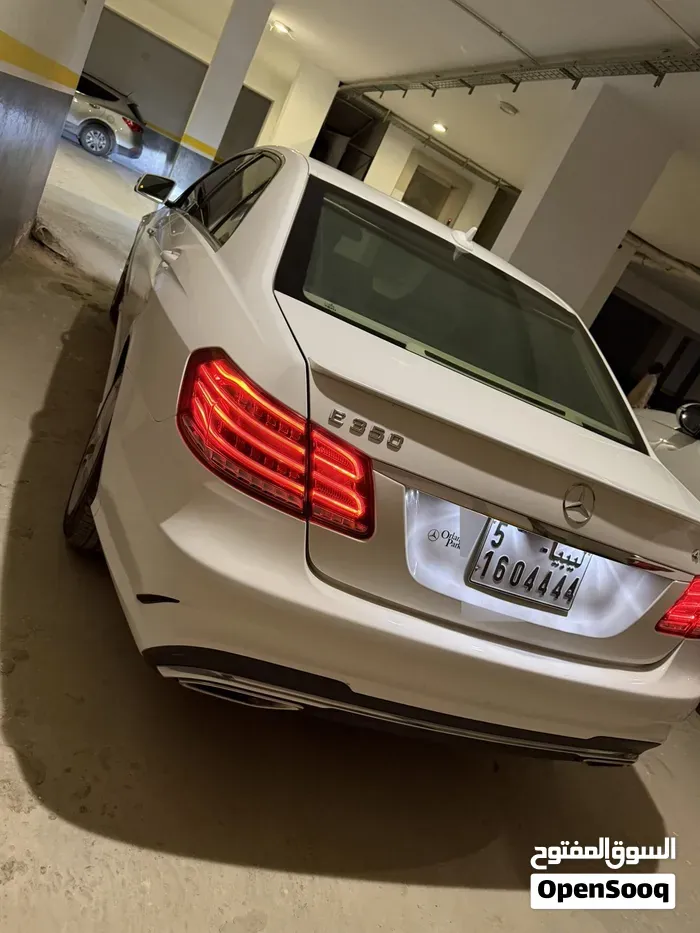 Mercedes-Benz E350 2015 photo 3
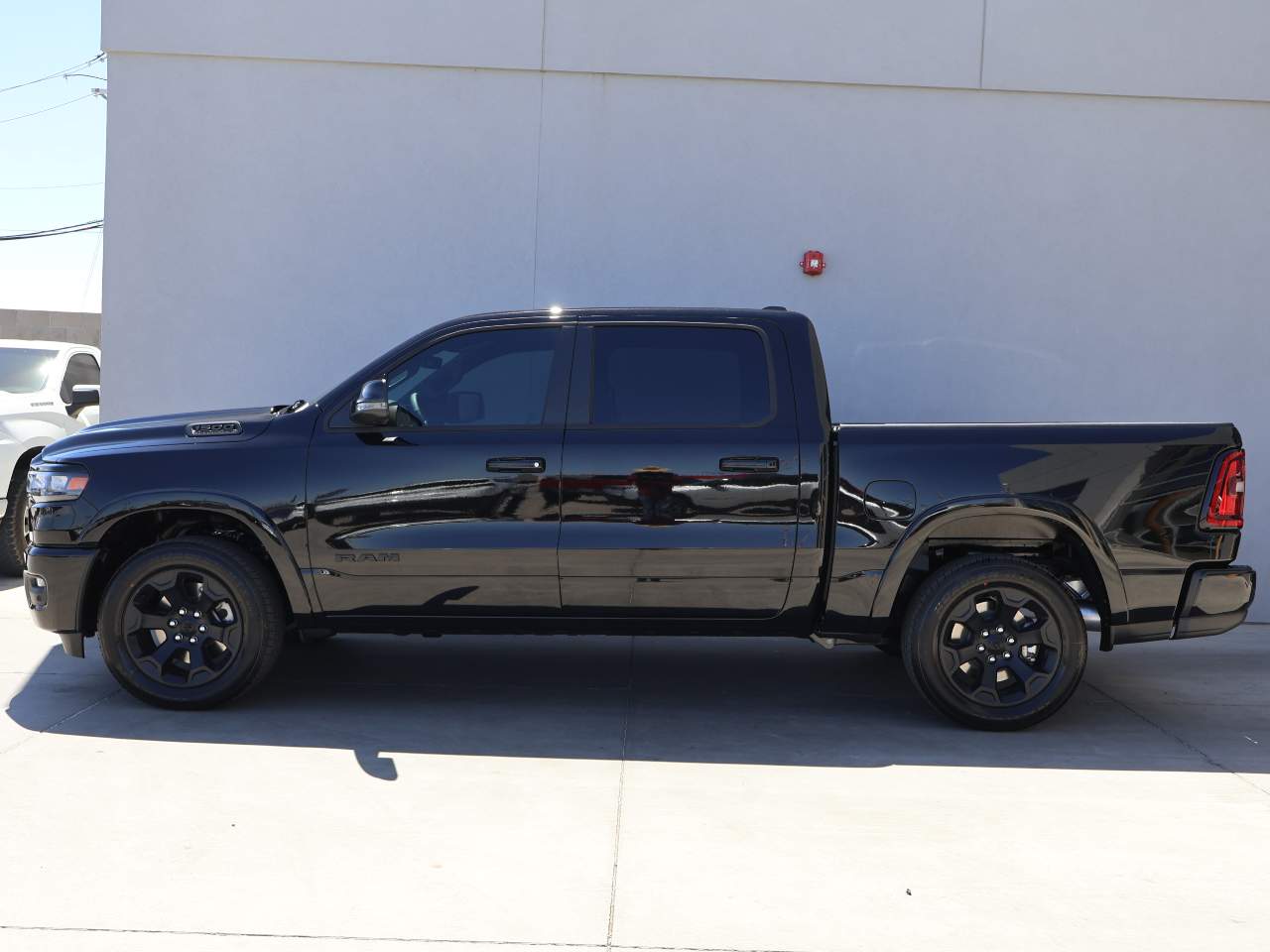 2027 Ram 1500 Crew Cab Big Horn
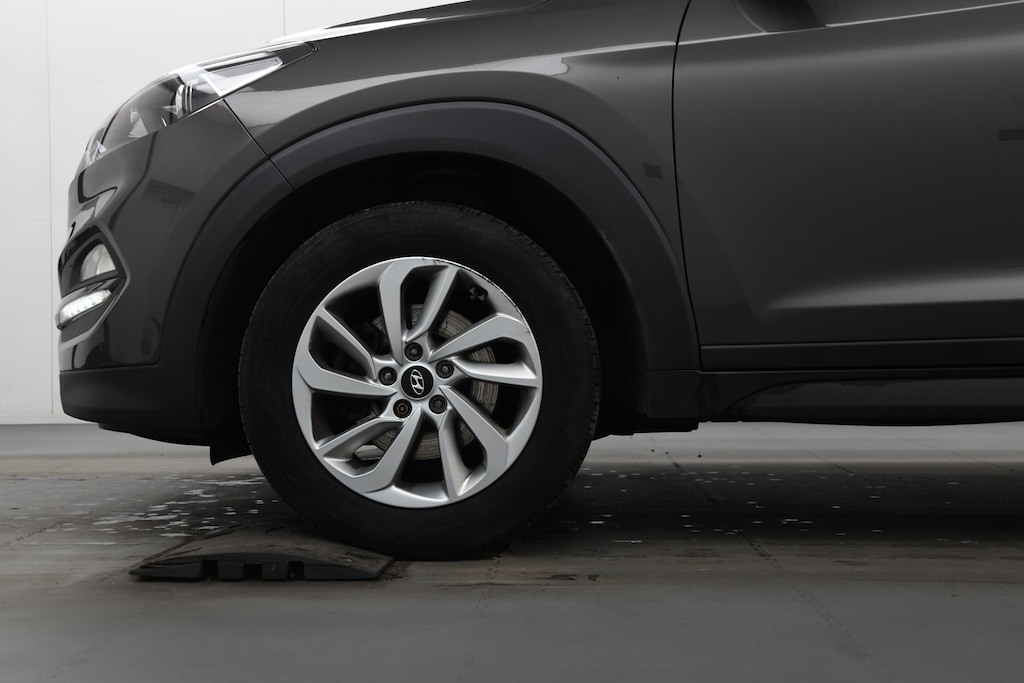 Used Hyundai TUCSON 2017 for sale - 77746331: Photo 9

________________

* Exercise prompt
Starting at the line with "2027 Ram 1500 Crew Cab Big Horn", output each line through the final one of the listing above, and nothing else. Pictures are to be left out.

* Answer to this exercise
 2027 Ram 1500 Crew Cab Big Horn
 Used Hyundai TUCSON 2017 for sale - 77746331: Photo 9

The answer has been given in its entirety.